▸ **WHAT YOU HAVE TO DO**
Starting at the line that contains "Anemone%20blanda%202.jpg", reproduce every line through the end of the entries below, with no pictures in the copy.

▸ **GIVEN DATA**
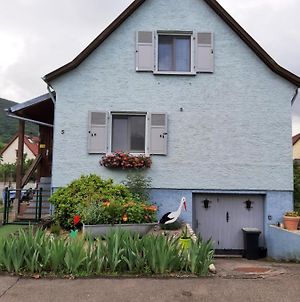 Gîte les chiwawas d'Alsace Kaysersberg-Vignoble Exterior photo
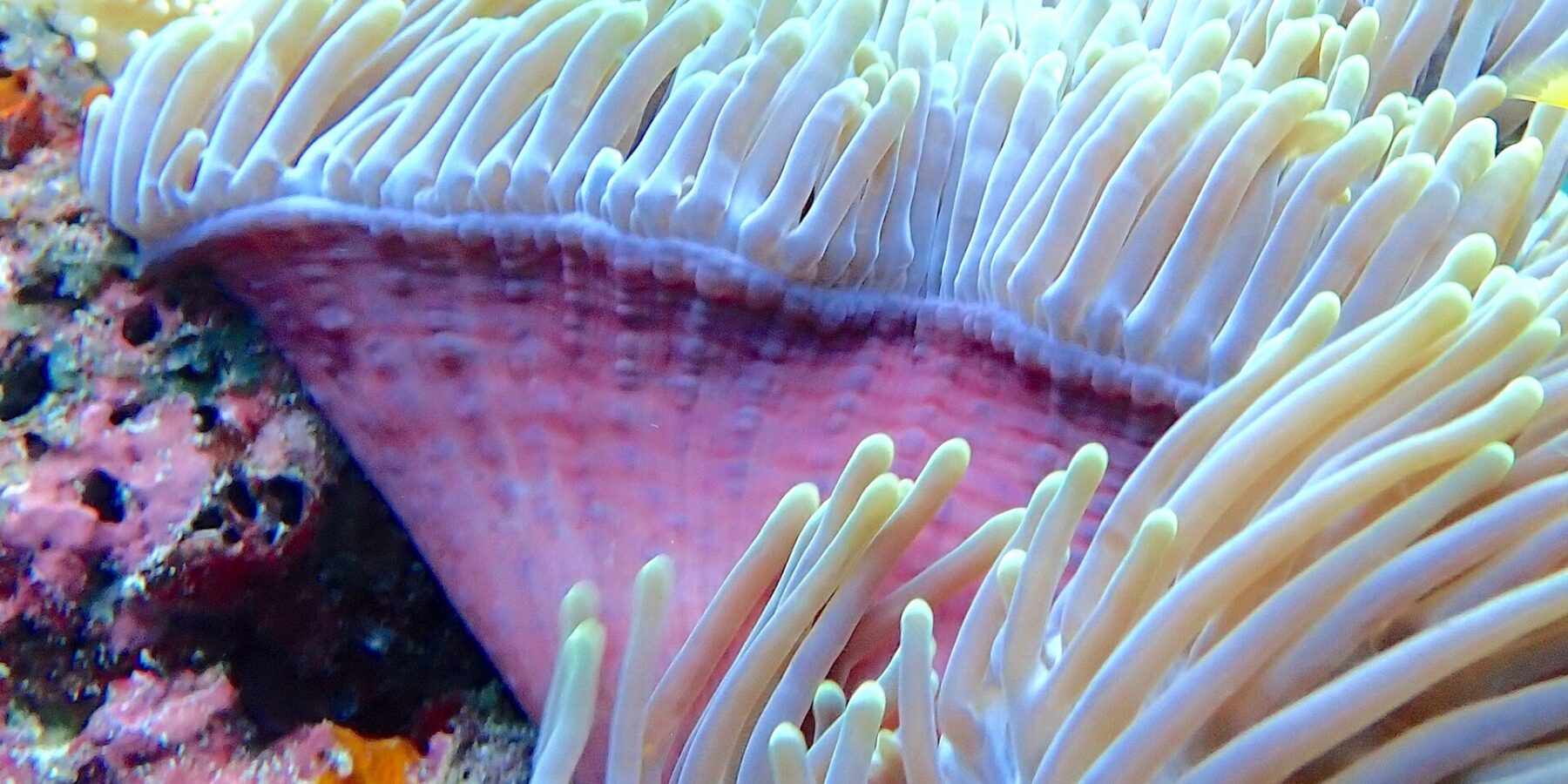A sea anemone with raised white tentacles and a pink base, with a blurred diver in yellow fins in the background, in the Njao channel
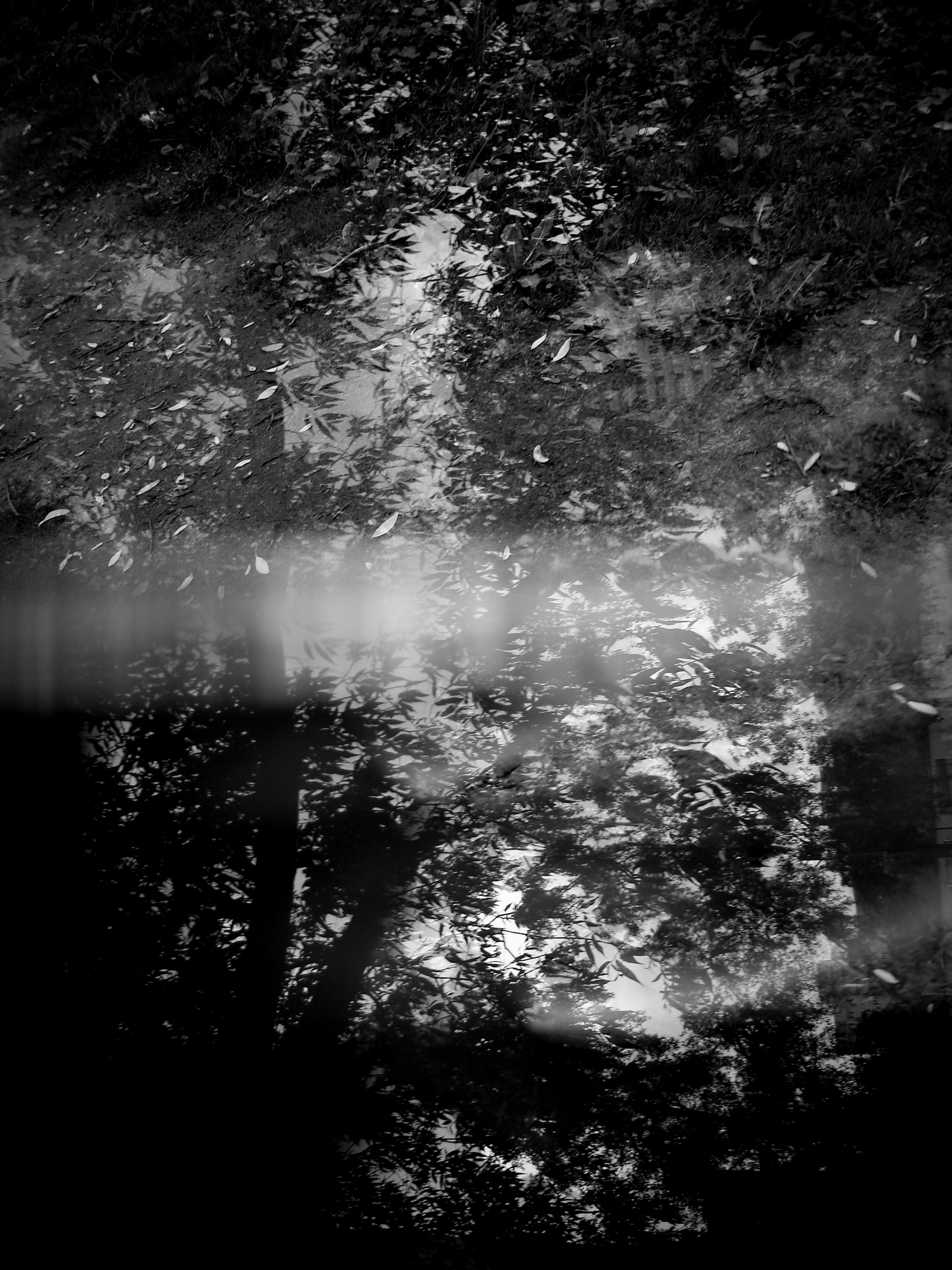 Зной. Roman Hodirev is an esoteriologist, multidisciplinary artist, photographer and musician. Saint Petersburg, Riga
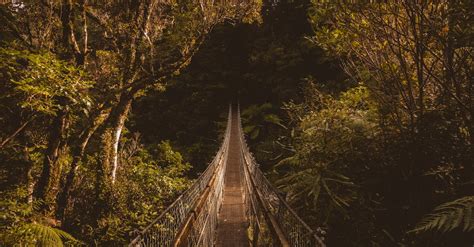 Brown Hanging Bridge Surrounded By Trees · Free Stock Photo
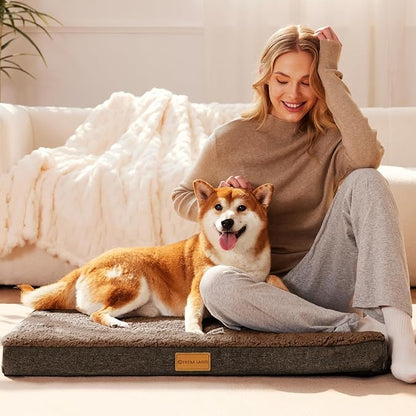 Patas Lague Orthopedic Jumbo Dog Bed - Image 2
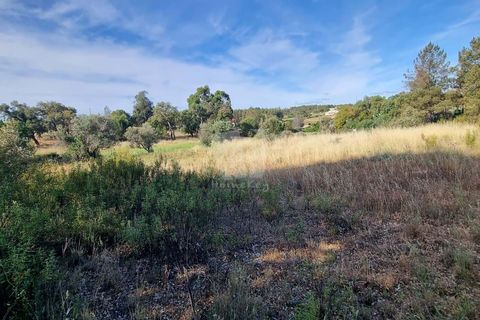 Helårsgrund i Castelo Branco, Castelo Branco, Castelo Branco - € 54.000 | Ref: H606 - foto 12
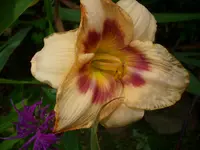 DSCI0557.jpg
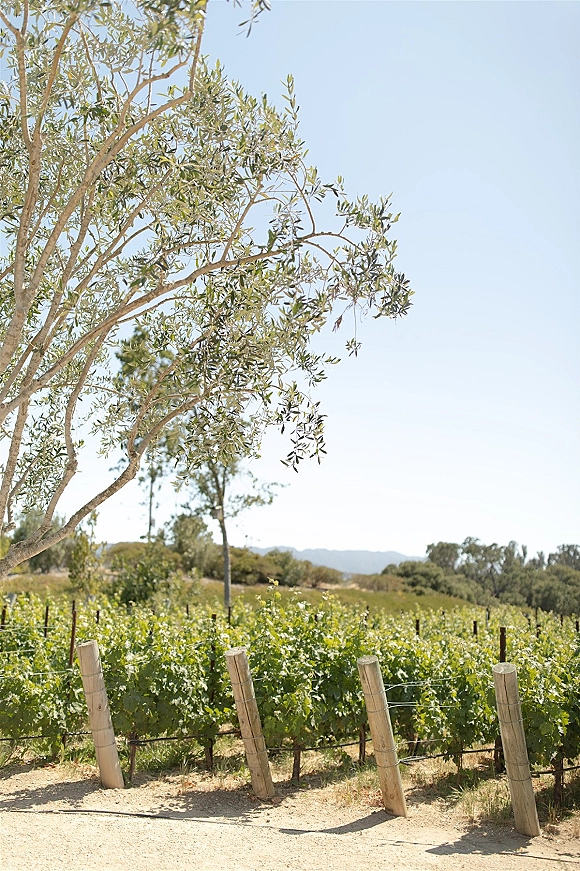 Vineyard landscape with rows of grapevines along a dirt path, wire trellis and fence posts, with distant hills under blue sky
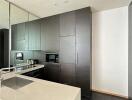 Modern kitchen with dark cabinets and built-in appliances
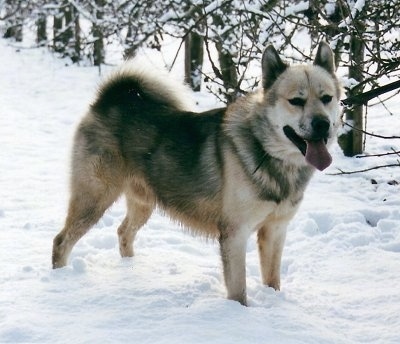 A Greenland Dog is standing in snow and there are trees behind it. Its mouth is open and tongue is out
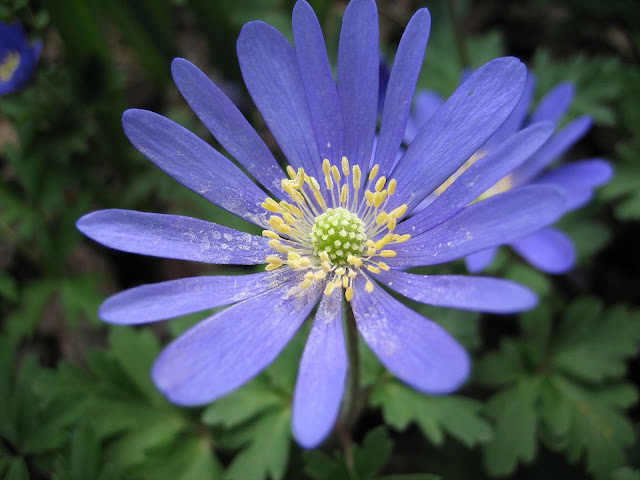 Anemone%20blanda%202.jpg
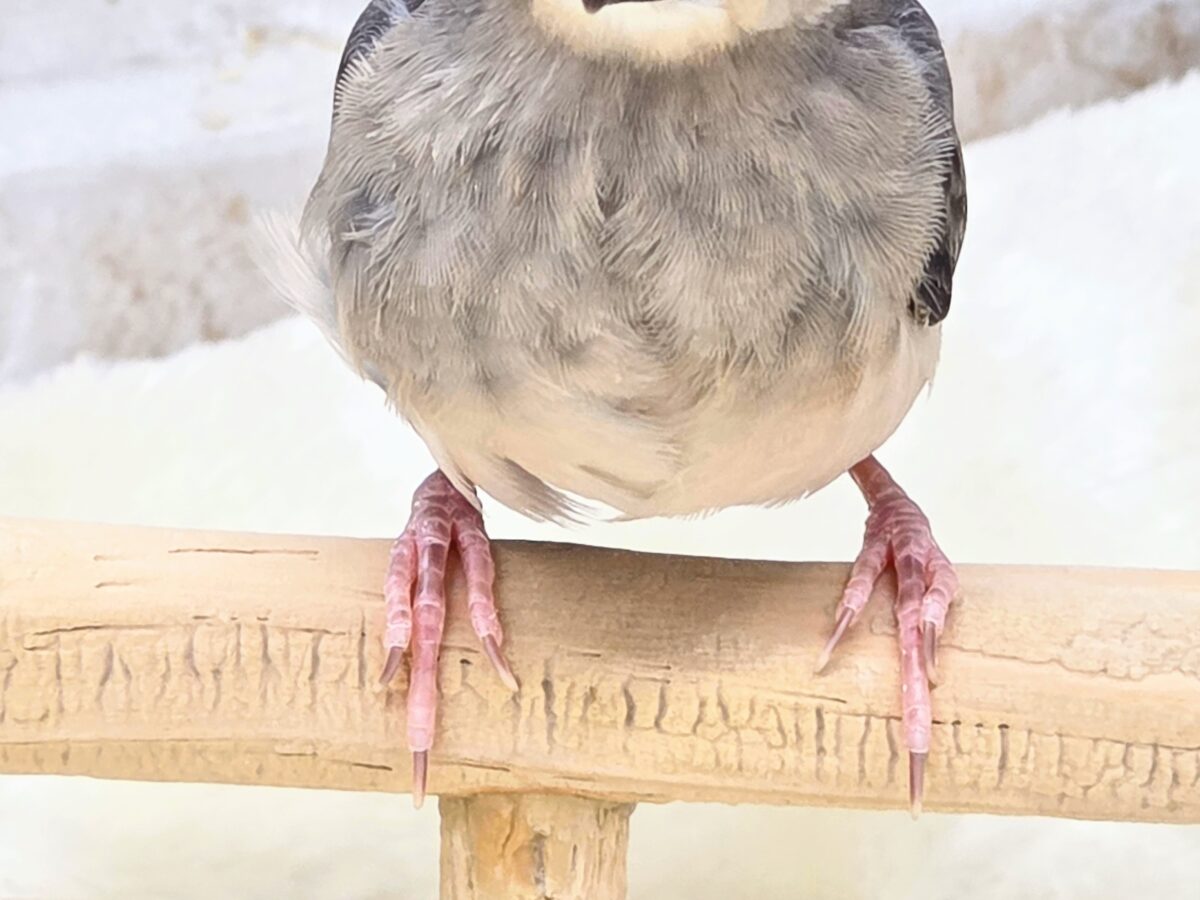桜文鳥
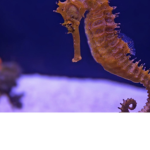 Seahorses <3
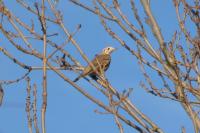Turdus viscivorus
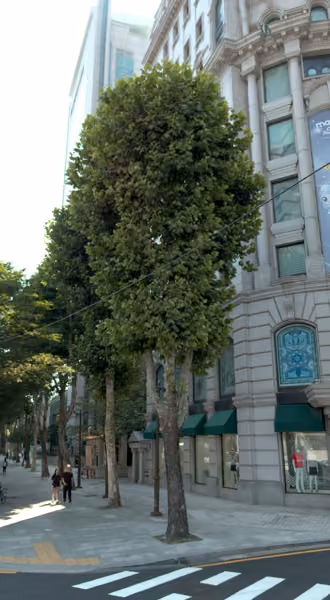 tree photo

▸ **SOLUTION**
 Anemone%20blanda%202.jpg
桜文鳥
 Seahorses <3
Turdus viscivorus
 tree photo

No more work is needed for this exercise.